* [What the task requires]
From the records below, print only the part that opens with the line containing "In the same" and closes with the line containing "So that's how"; omit the pictures.

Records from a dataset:
╔══
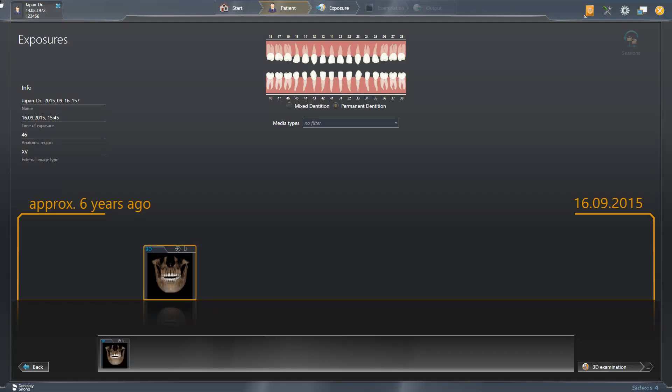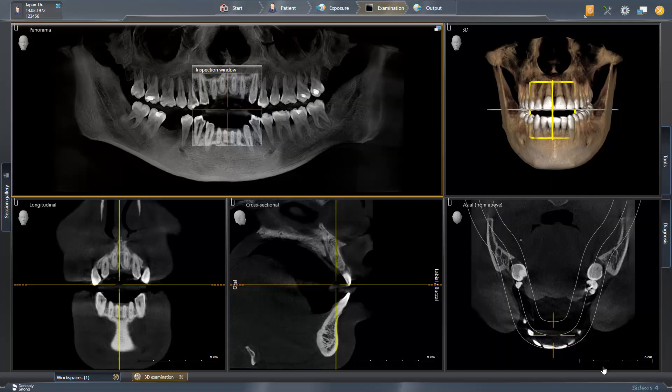Next, you can load the data set directly for a 3D examination. Now the X-ray data is opened and we switch directly to the final step, Output.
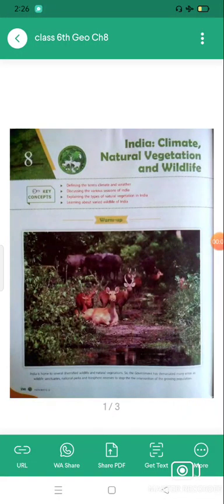Hello students, this is Arvind Rai, your SST teacher from LPM Public School. Hope you all are very good at your homes, enjoying the vacations and also preparing for your upcoming exams. In this video — a PDF-based video — we will start with the new chapter: India: Climate, Natural Vegetation and Wildlife, which is our eighth chapter of Geography.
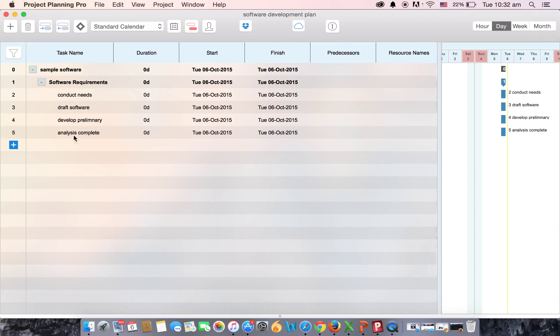In the same way you can go for the outdent option. Again press and hold command, select all the tasks.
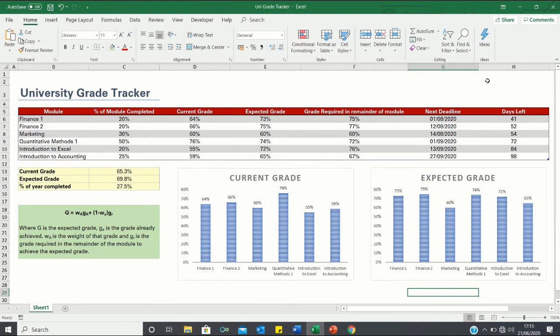So that's how you can easily create a grade tracker in Excel. Please give this video a thumbs up if you found it useful, and subscribe to the Excel Hub for weekly Excel tutorials, techniques, and examples.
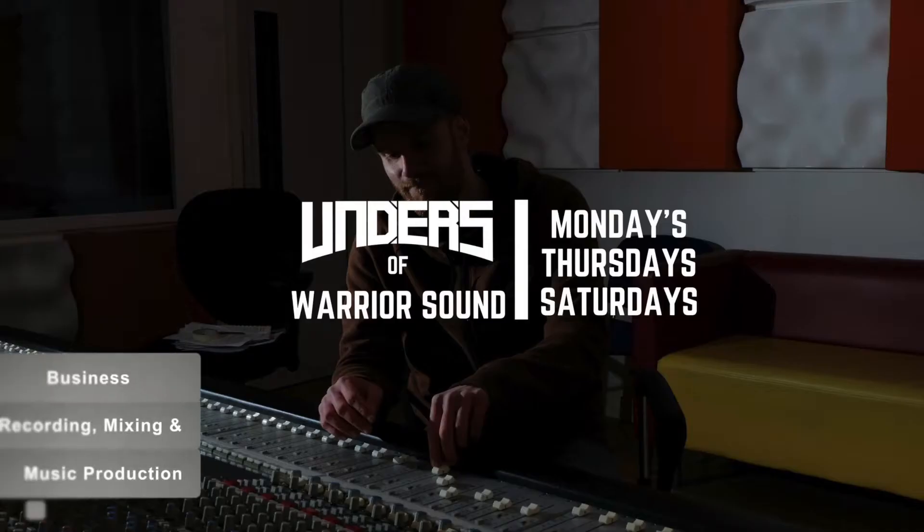Hello guys, it's Unders. What is up? So today we are going to look at five ways you can improve your Logic mixing workflow. Let's get into it.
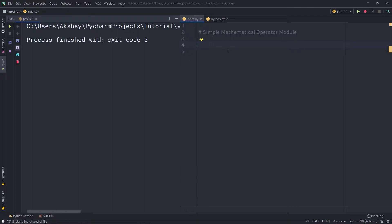In the previous lecture, you learned how to work with Z in Python. Now, in this lecture, we're going to learn some simple mathematical operations. In Python basic tutorials, you understand how to work with operators and how to do simple mathematical operations using different operators. Now, let's take a look at how we can work with the operator module.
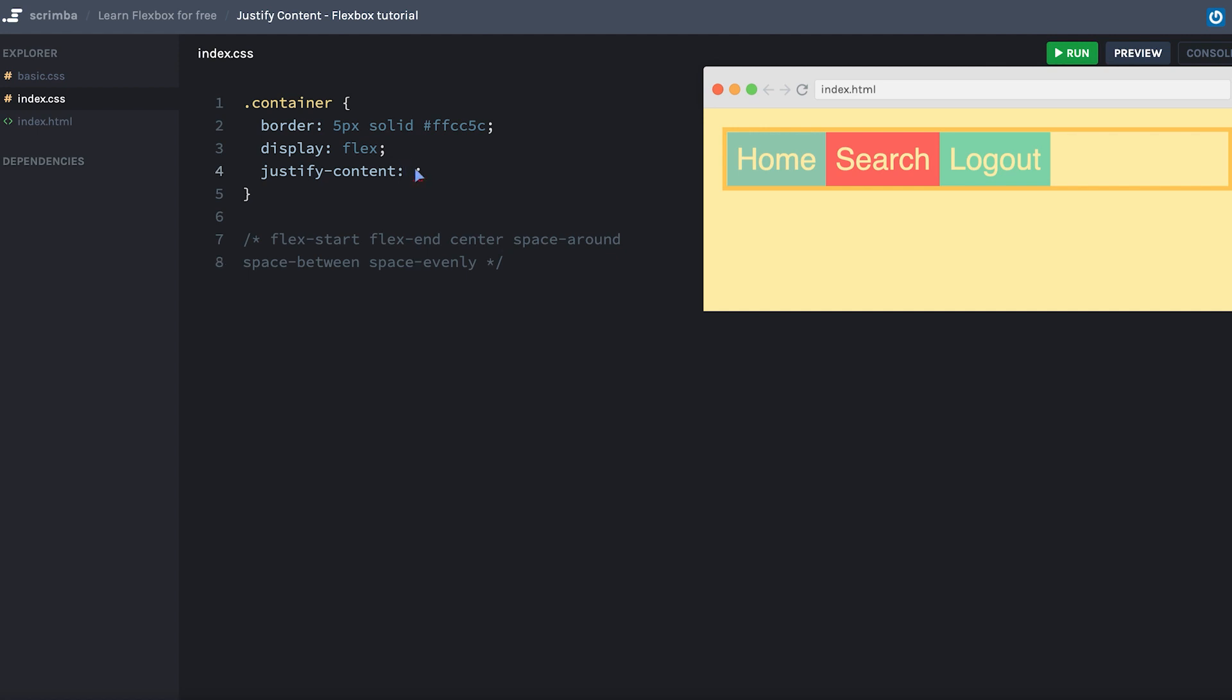By default, justify-content is set to flex-start, meaning that the content is squeezed together at the start of the main axis, which is the left-hand side.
╚══
* [Response to the exercise]
In the same way you can go for the outdent option. Again press and hold command, select all the tasks.
So that's how you can easily create a grade tracker in Excel. Please give this video a thumbs up if you found it useful, and subscribe to the Excel Hub for weekly Excel tutorials, techniques, and examples.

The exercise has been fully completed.